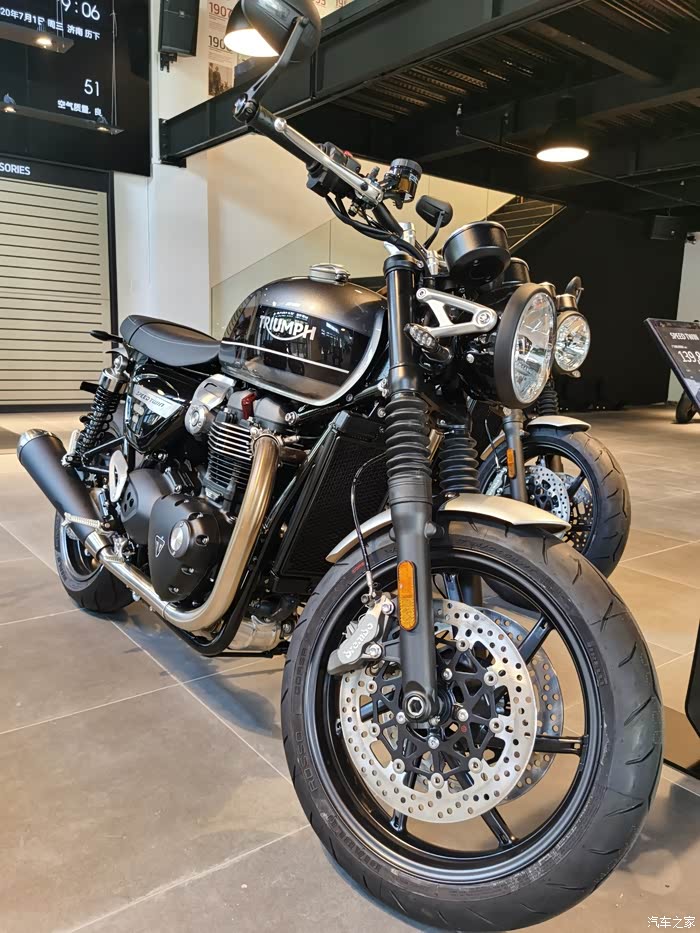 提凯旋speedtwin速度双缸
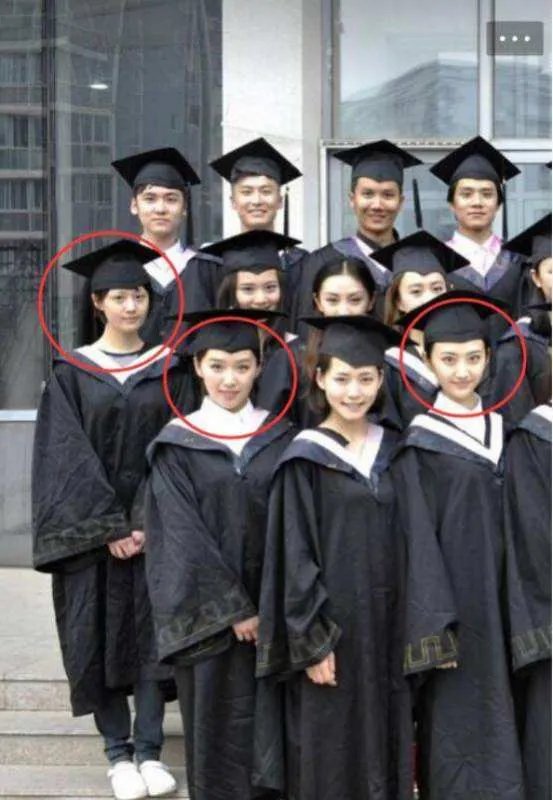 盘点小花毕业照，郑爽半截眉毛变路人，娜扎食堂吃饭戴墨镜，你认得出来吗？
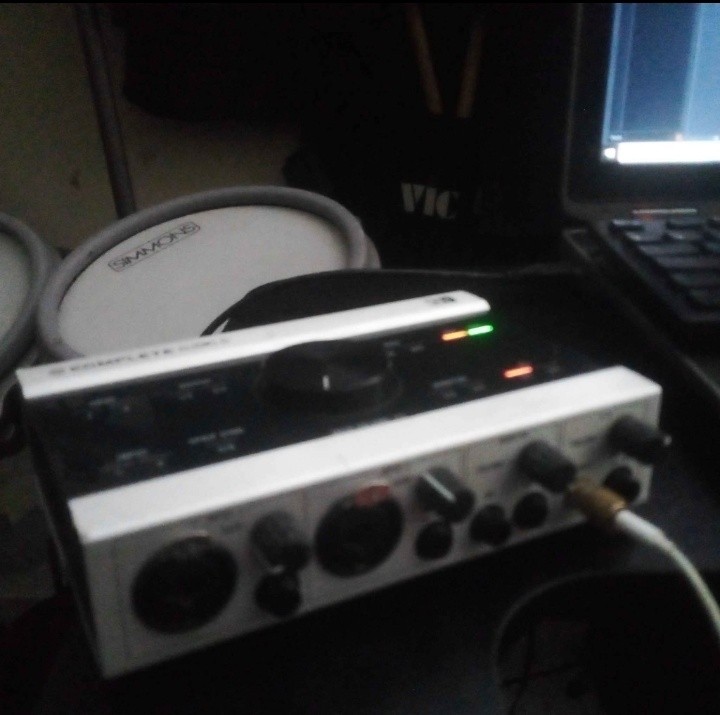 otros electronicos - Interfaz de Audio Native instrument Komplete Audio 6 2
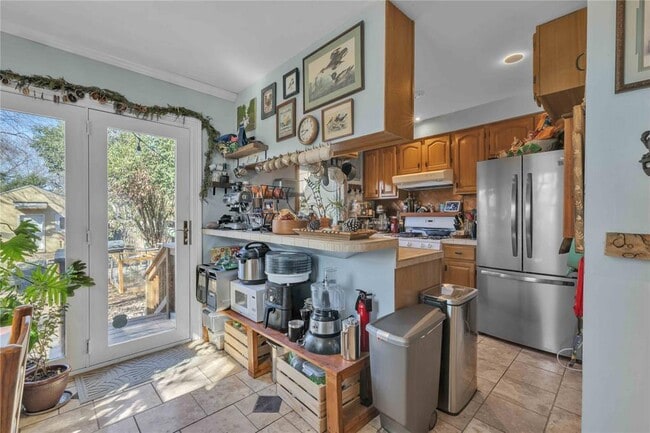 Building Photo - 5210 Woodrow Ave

- _WORK TO COMPLETE_
Transcribe, without alteration, each line from the one with "otros electronicos - Interfaz" through the last line of the data; no pictures belong in the copy.

- _ANSWER TO THE PROBLEM_
 otros electronicos - Interfaz de Audio Native instrument Komplete Audio 6 2
 Building Photo - 5210 Woodrow Ave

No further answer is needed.